TASK TO CARRY OUT
Using the entries that follow, write out the line containing "Etui 3MK Silicone", the line containing "Set Adesivi in", and every line between them, exactly and nothing else.

[INFORMATION Boundary: Start]

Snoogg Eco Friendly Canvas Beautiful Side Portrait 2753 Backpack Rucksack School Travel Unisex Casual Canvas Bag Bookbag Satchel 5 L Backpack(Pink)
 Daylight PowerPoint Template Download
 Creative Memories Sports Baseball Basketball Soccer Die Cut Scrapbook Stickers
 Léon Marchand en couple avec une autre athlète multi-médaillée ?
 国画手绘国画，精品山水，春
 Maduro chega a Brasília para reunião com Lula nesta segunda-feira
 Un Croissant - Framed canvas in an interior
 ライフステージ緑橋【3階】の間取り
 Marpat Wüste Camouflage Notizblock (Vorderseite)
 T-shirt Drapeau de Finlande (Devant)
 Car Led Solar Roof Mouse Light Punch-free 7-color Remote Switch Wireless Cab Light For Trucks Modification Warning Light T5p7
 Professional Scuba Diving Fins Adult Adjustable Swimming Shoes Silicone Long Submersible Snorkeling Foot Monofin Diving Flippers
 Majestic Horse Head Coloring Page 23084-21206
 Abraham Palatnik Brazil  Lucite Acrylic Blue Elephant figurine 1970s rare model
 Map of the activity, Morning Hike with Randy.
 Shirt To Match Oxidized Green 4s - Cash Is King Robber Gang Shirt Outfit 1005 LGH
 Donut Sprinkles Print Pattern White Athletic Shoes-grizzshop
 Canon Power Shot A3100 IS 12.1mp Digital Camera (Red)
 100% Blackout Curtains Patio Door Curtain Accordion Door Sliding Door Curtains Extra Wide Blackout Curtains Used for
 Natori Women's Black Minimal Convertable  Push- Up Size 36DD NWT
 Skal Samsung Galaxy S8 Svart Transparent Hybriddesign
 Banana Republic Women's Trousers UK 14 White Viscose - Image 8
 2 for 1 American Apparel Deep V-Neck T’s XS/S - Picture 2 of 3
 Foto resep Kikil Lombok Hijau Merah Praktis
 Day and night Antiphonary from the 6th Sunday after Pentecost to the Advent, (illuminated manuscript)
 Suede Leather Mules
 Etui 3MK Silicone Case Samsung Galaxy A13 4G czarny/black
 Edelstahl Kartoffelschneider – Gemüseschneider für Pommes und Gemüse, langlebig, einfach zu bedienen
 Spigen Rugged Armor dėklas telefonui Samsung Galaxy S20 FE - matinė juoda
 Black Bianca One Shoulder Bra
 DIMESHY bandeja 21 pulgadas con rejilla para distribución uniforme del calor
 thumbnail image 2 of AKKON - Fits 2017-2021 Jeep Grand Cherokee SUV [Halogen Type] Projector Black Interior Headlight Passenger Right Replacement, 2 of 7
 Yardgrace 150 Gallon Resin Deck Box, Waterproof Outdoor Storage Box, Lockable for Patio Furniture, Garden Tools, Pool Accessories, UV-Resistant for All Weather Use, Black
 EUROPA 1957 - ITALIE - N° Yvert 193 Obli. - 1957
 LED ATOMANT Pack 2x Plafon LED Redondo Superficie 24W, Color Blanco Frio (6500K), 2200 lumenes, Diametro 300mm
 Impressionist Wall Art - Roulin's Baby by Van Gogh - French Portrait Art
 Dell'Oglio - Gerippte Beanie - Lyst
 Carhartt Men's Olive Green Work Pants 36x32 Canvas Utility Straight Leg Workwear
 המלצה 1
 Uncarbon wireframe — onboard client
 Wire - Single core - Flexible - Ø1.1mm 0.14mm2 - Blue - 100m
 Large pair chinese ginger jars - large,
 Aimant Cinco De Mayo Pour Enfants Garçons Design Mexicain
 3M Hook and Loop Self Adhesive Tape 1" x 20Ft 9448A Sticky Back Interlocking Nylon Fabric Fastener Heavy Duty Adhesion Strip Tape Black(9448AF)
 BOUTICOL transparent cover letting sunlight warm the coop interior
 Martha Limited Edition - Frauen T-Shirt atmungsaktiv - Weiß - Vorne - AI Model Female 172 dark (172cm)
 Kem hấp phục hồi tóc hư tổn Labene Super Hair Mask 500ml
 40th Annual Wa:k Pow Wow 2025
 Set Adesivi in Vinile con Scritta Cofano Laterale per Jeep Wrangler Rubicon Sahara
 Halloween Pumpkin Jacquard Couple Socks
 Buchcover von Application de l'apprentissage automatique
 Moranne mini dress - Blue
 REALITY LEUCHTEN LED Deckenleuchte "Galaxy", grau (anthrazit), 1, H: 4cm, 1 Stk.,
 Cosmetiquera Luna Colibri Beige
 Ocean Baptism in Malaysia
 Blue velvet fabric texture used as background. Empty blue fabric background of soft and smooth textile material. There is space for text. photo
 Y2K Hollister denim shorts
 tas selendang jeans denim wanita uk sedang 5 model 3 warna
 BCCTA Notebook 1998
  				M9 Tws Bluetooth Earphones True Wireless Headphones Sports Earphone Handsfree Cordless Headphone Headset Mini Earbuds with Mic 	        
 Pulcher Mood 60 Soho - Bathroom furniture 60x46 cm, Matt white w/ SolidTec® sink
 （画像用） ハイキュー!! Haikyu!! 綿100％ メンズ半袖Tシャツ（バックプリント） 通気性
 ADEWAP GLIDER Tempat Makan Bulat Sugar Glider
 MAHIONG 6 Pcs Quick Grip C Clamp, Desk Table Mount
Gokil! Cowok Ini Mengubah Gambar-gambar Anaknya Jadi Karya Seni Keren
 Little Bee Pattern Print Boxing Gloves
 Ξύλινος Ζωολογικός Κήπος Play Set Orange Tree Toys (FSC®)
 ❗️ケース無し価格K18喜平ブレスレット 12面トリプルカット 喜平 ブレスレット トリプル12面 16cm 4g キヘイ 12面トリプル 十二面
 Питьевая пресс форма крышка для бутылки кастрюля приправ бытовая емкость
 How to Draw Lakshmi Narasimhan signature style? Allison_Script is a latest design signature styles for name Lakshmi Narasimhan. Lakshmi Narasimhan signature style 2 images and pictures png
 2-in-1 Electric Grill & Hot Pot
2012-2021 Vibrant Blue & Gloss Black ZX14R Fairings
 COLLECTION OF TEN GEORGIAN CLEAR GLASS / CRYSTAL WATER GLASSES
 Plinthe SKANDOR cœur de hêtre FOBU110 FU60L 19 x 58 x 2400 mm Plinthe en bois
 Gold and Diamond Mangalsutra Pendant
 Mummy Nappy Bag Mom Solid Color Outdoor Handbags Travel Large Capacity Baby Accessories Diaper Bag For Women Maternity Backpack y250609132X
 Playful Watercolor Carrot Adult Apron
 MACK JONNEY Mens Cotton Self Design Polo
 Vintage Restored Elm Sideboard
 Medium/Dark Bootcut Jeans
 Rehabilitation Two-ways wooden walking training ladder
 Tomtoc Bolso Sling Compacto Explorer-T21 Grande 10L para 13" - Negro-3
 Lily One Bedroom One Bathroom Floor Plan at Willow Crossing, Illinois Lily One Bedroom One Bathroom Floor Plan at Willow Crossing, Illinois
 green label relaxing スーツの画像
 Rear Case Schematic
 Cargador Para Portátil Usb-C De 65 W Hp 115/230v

[INFORMATION Boundary: End]

SOLUTION TO THE EXERCISE
 Etui 3MK Silicone Case Samsung Galaxy A13 4G czarny/black
 Edelstahl Kartoffelschneider – Gemüseschneider für Pommes und Gemüse, langlebig, einfach zu bedienen
 Spigen Rugged Armor dėklas telefonui Samsung Galaxy S20 FE - matinė juoda
 Black Bianca One Shoulder Bra
 DIMESHY bandeja 21 pulgadas con rejilla para distribución uniforme del calor
 thumbnail image 2 of AKKON - Fits 2017-2021 Jeep Grand Cherokee SUV [Halogen Type] Projector Black Interior Headlight Passenger Right Replacement, 2 of 7
 Yardgrace 150 Gallon Resin Deck Box, Waterproof Outdoor Storage Box, Lockable for Patio Furniture, Garden Tools, Pool Accessories, UV-Resistant for All Weather Use, Black
 EUROPA 1957 - ITALIE - N° Yvert 193 Obli. - 1957
 LED ATOMANT Pack 2x Plafon LED Redondo Superficie 24W, Color Blanco Frio (6500K), 2200 lumenes, Diametro 300mm
 Impressionist Wall Art - Roulin's Baby by Van Gogh - French Portrait Art
 Dell'Oglio - Gerippte Beanie - Lyst
 Carhartt Men's Olive Green Work Pants 36x32 Canvas Utility Straight Leg Workwear
 המלצה 1
 Uncarbon wireframe — onboard client
 Wire - Single core - Flexible - Ø1.1mm 0.14mm2 - Blue - 100m
 Large pair chinese ginger jars - large,
 Aimant Cinco De Mayo Pour Enfants Garçons Design Mexicain
 3M Hook and Loop Self Adhesive Tape 1" x 20Ft 9448A Sticky Back Interlocking Nylon Fabric Fastener Heavy Duty Adhesion Strip Tape Black(9448AF)
 BOUTICOL transparent cover letting sunlight warm the coop interior
 Martha Limited Edition - Frauen T-Shirt atmungsaktiv - Weiß - Vorne - AI Model Female 172 dark (172cm)
 Kem hấp phục hồi tóc hư tổn Labene Super Hair Mask 500ml
 40th Annual Wa:k Pow Wow 2025
 Set Adesivi in Vinile con Scritta Cofano Laterale per Jeep Wrangler Rubicon Sahara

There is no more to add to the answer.